Monthly Archives: June 2018

A brief and subjective review of Charlottesville, Virginia

I should have driven further but traffic was thick and it is raining, so I have stopped in Charlottesville. I started out in northern Maryland, driving to Washington, DC where I parked off the national mall and went to the Cézanne exhibit at the National Gallery, which is worthwhile. The gift shop at the National Gallery is endless and junky, and if you eat lunch you should go to the Garden Café since in the end, the poor cafeteria is almost as expensive as the sit-down place. I walked past the Capitol and drove by the Lincoln Memorial and the Washington Monument on the way out of town; in Virginia I passed the sites of several famous battlegrounds including the Bull Run.

I cannot handle junky motels, nor face expensive hotels, so I am staying at the conference center of the University of Virginia Business School. It is a bit sterile, but very comfortable and it has a pub, that I would be in if it were less stuffy, and a laundry room that is free, and breakfast in the cafeteria will surely be interesting. I will visit Monticello tomorrow and am curious to see whether it will seem different from other plantations I have seen; having been there will make me more experienced as an American.

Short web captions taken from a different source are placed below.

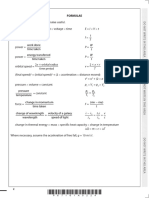 Paper 2 Formula Sheet 1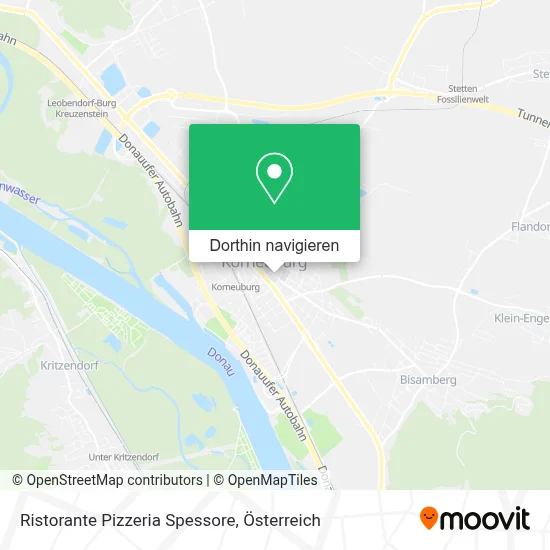 Ristorante Pizzeria Spessore Karte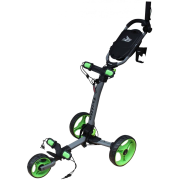 Axglo Tri-Lite 3 Wheel Golf Trolley - Grey/Green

The University of Virginia is manicured and buttoned down, and many students are military. Charlottesville has one of those very Southern courthouse squares and seems on the whole to be a quintessence of squareness. I think all the students and faculty must be rich, as this place is very obviously upscale. I went to the pedestrian mall downtown where I had a slice of vegetarian pizza, quite good, for $4.14 and for another $4.14, an excellent capuccino at a place where you could sit and read for a long time. There was a great deal of overpriced shopping, uninteresting, mixed with overdone bistros, and several very interesting antiquarian bookstores where you could also sit and read for a long time. If I had been less tired I would have had dinner at Bizou, eating at the bar–this place looked cozy, unpretentious, and good, actual not faux European. Then I would have gone to a concert at the Front Porch, a roots music school.

There must be some sort of cool scene here but my overall impression is that it is not a cool town. Have you been to Charlottesville?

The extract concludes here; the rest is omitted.